**WORK REQUIRED**. Begin at the line that has "USA Men's Outlet", stop after the line that has "Bandage Collection: Allied", and print exactly those lines from the records below, without any pictures.

**SOURCE MATERIAL**.
--------------------

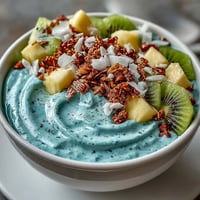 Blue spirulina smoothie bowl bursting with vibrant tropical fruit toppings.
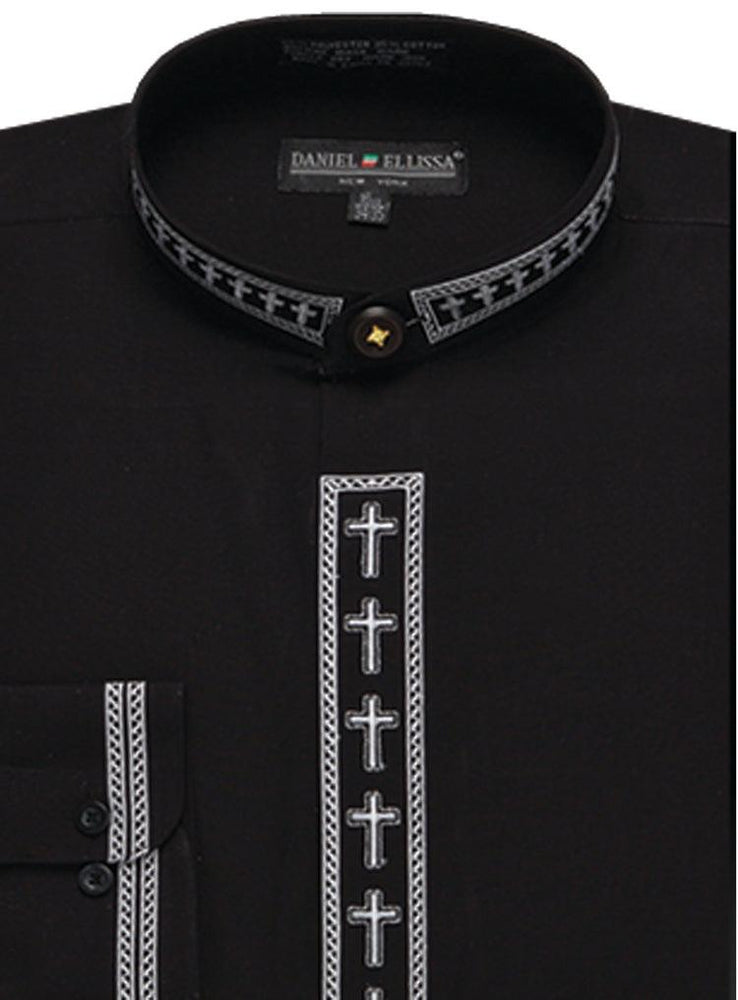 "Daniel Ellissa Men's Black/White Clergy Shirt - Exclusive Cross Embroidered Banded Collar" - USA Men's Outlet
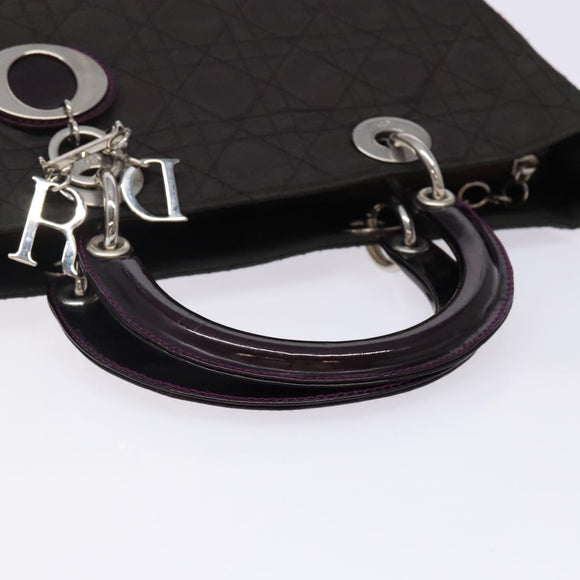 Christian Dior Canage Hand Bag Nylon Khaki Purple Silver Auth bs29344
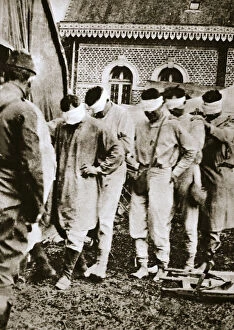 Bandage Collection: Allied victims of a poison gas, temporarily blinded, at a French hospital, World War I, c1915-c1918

--------------------

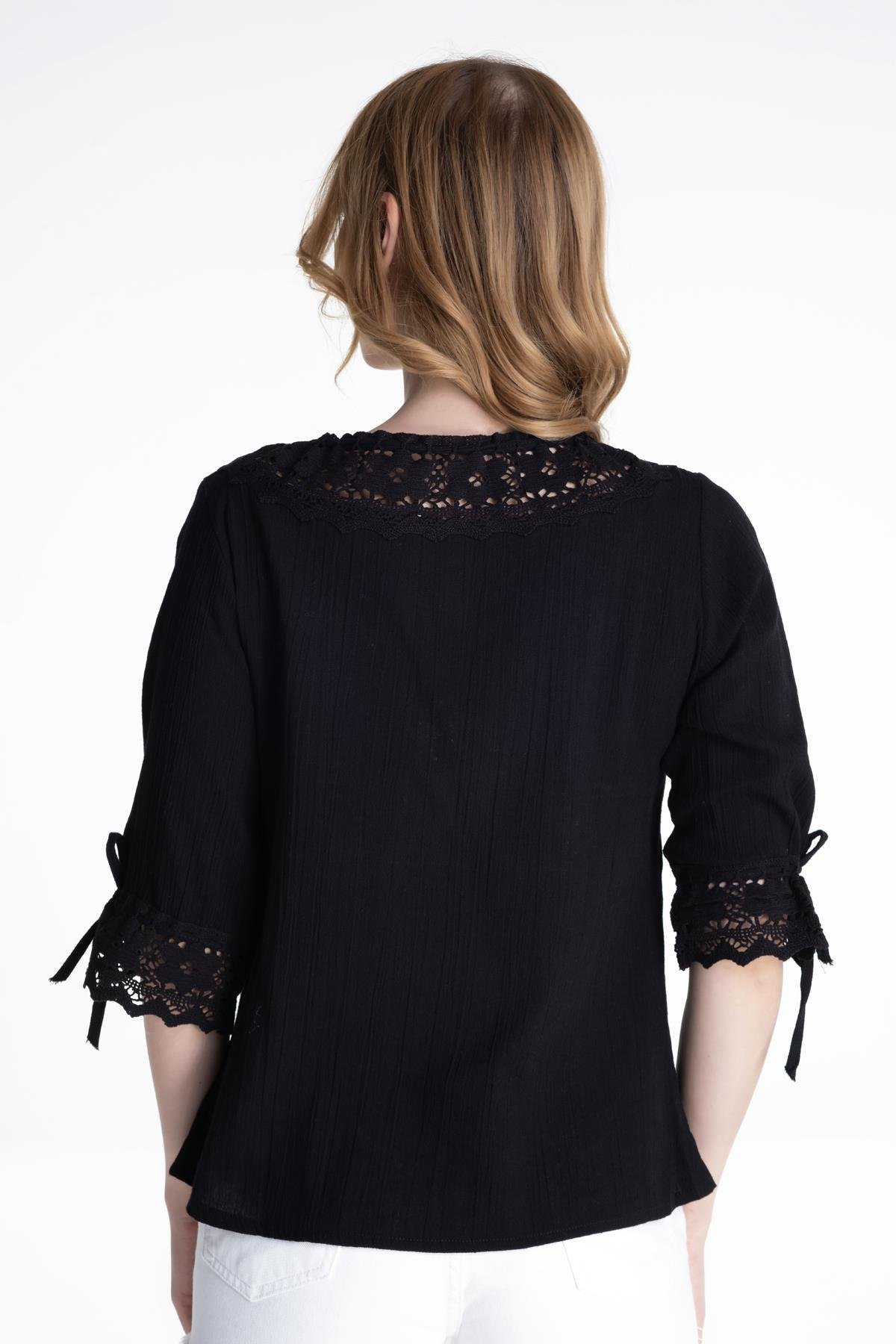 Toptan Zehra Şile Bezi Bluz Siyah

--------------------

**FINISHED EXERCISE**.
 "Daniel Ellissa Men's Black/White Clergy Shirt - Exclusive Cross Embroidered Banded Collar" - USA Men's Outlet
 Christian Dior Canage Hand Bag Nylon Khaki Purple Silver Auth bs29344
 Bandage Collection: Allied victims of a poison gas, temporarily blinded, at a French hospital, World War I, c1915-c1918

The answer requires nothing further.